Output only the lines below from the one holding "1.75 Carat Radiant" down to the one holding "Framed Woodblock Print", both end lines included and every picture dropped.

____________

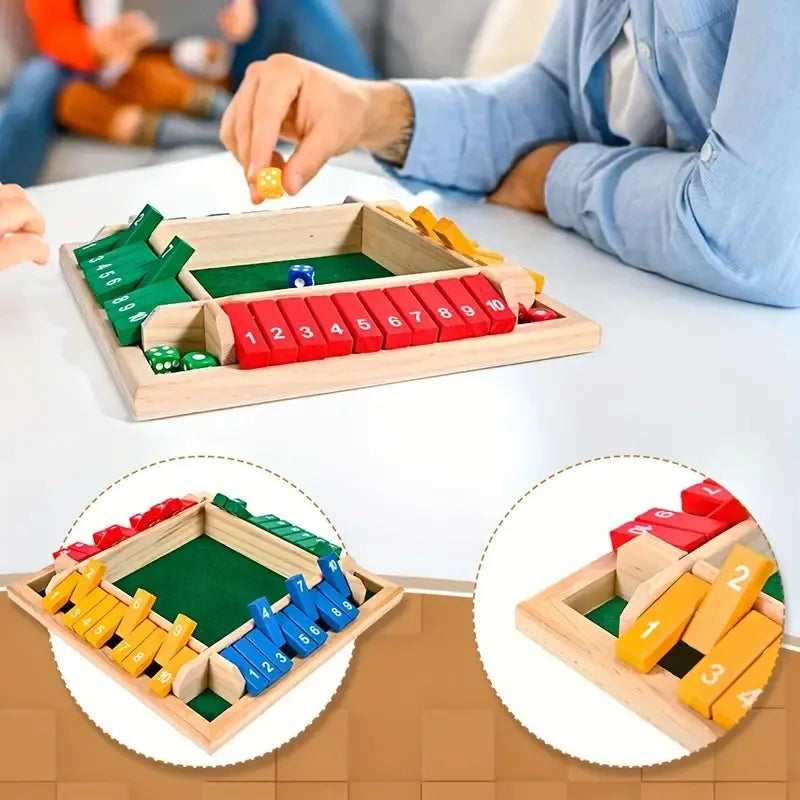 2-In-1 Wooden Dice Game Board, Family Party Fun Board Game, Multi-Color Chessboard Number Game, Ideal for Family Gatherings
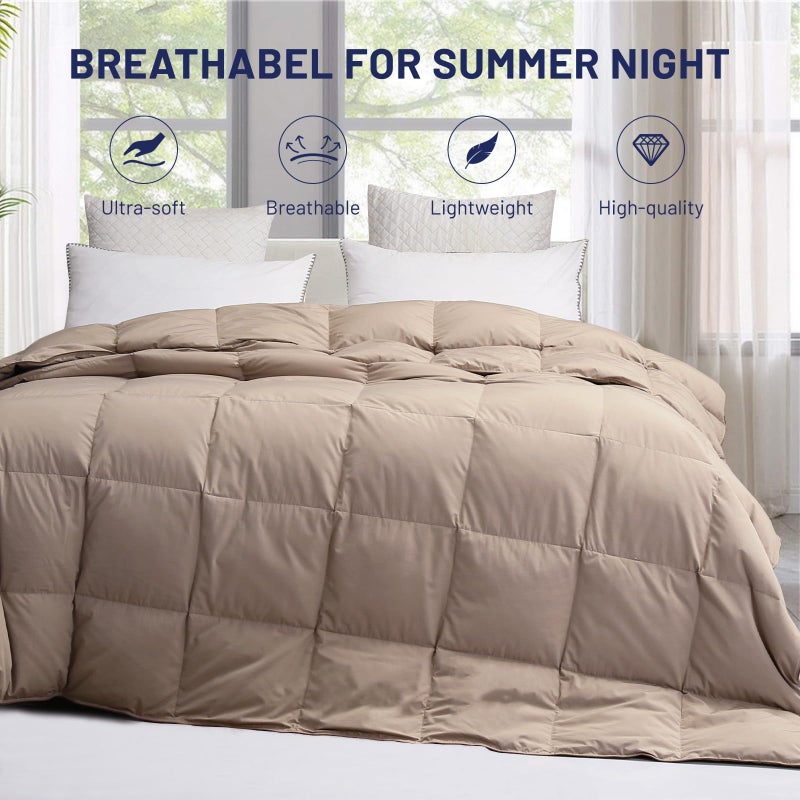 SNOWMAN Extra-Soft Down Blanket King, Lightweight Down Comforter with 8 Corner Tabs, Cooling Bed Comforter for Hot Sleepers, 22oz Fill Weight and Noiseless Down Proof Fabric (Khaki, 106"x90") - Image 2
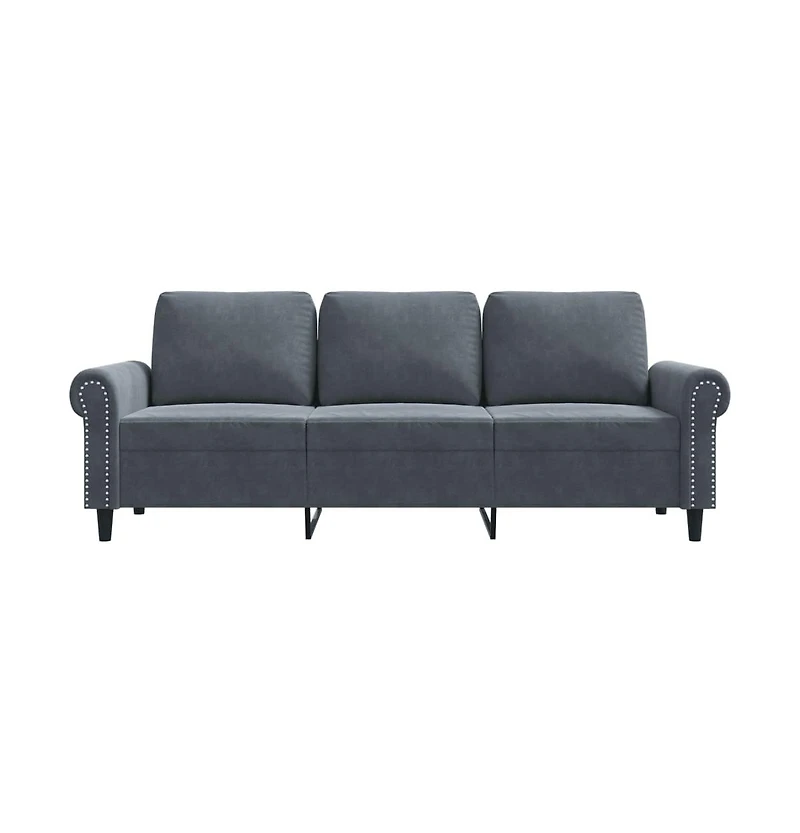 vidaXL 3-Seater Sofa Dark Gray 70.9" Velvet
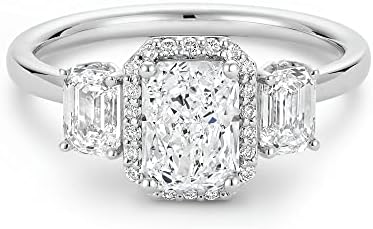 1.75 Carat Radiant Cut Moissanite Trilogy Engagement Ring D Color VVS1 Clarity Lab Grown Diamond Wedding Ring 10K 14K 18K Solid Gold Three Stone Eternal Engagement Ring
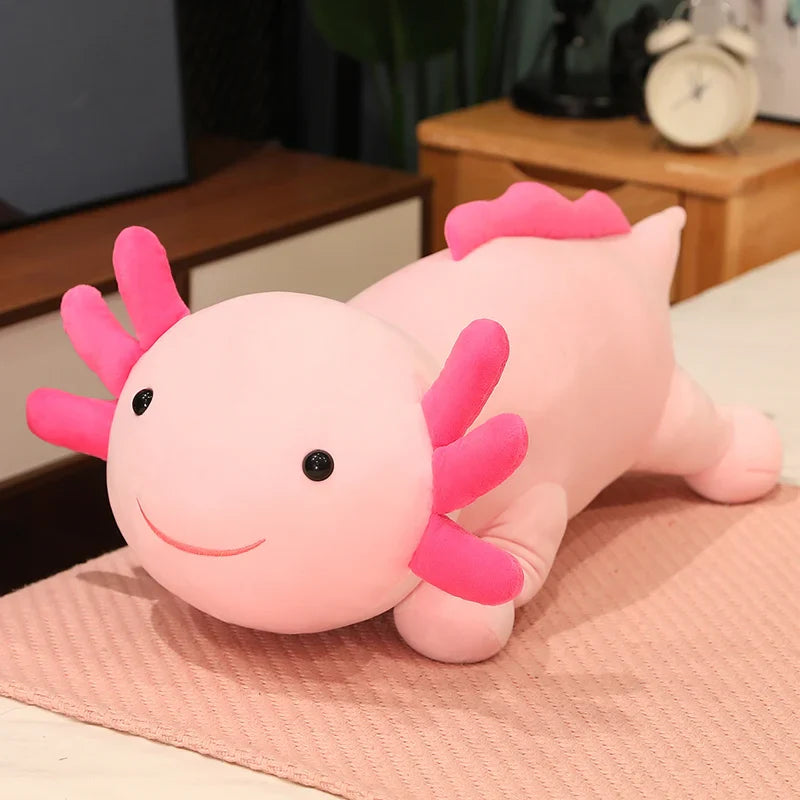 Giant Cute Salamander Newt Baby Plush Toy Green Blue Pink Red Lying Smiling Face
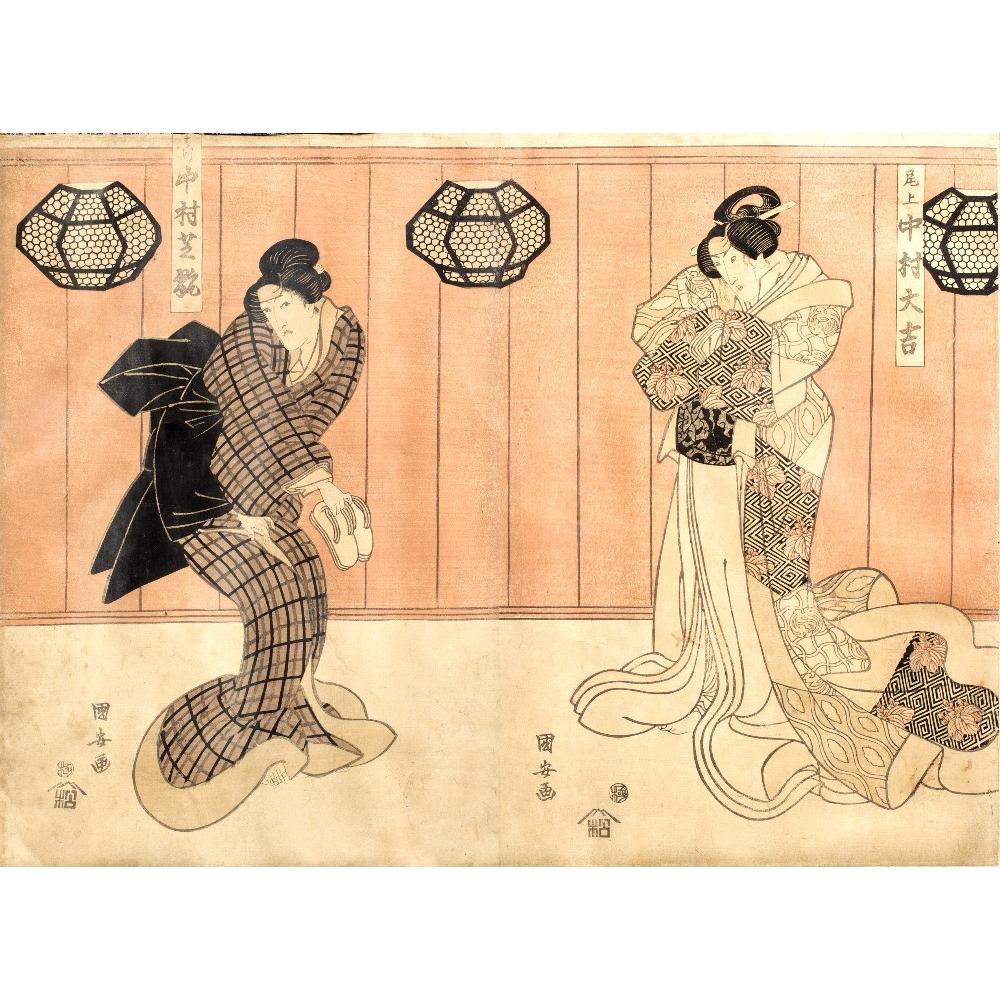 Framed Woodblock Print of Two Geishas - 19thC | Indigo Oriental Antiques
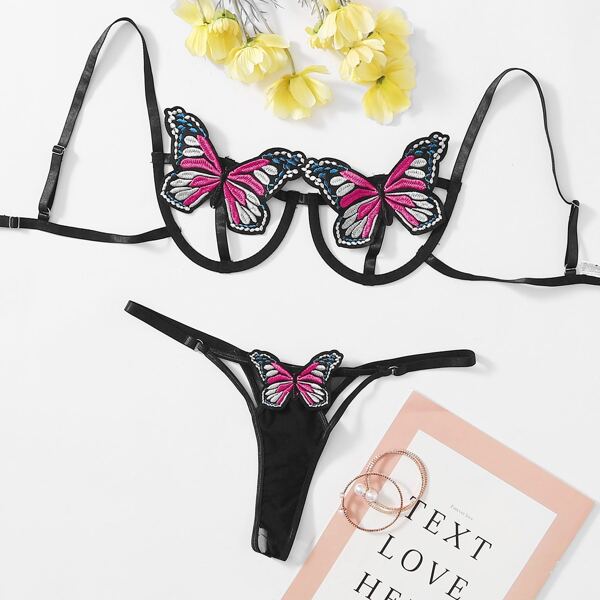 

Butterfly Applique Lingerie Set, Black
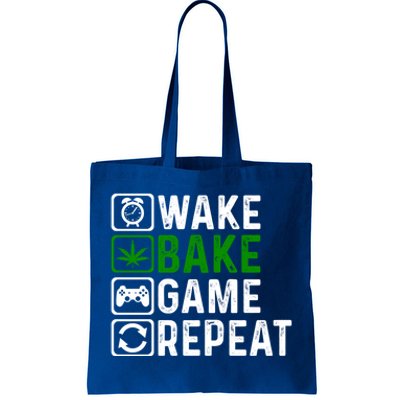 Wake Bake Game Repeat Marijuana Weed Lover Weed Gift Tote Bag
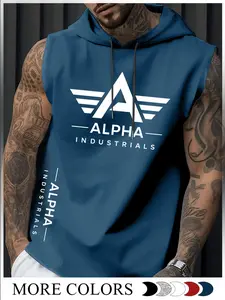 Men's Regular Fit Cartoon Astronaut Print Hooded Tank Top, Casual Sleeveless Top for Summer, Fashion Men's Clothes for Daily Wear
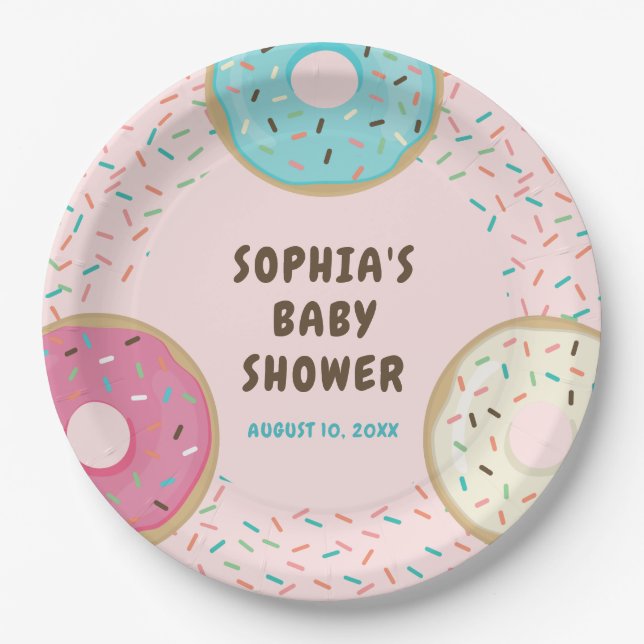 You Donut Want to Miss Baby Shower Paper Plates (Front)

____________

_Solved exercise_
 1.75 Carat Radiant Cut Moissanite Trilogy Engagement Ring D Color VVS1 Clarity Lab Grown Diamond Wedding Ring 10K 14K 18K Solid Gold Three Stone Eternal Engagement Ring
 Giant Cute Salamander Newt Baby Plush Toy Green Blue Pink Red Lying Smiling Face
 Framed Woodblock Print of Two Geishas - 19thC | Indigo Oriental Antiques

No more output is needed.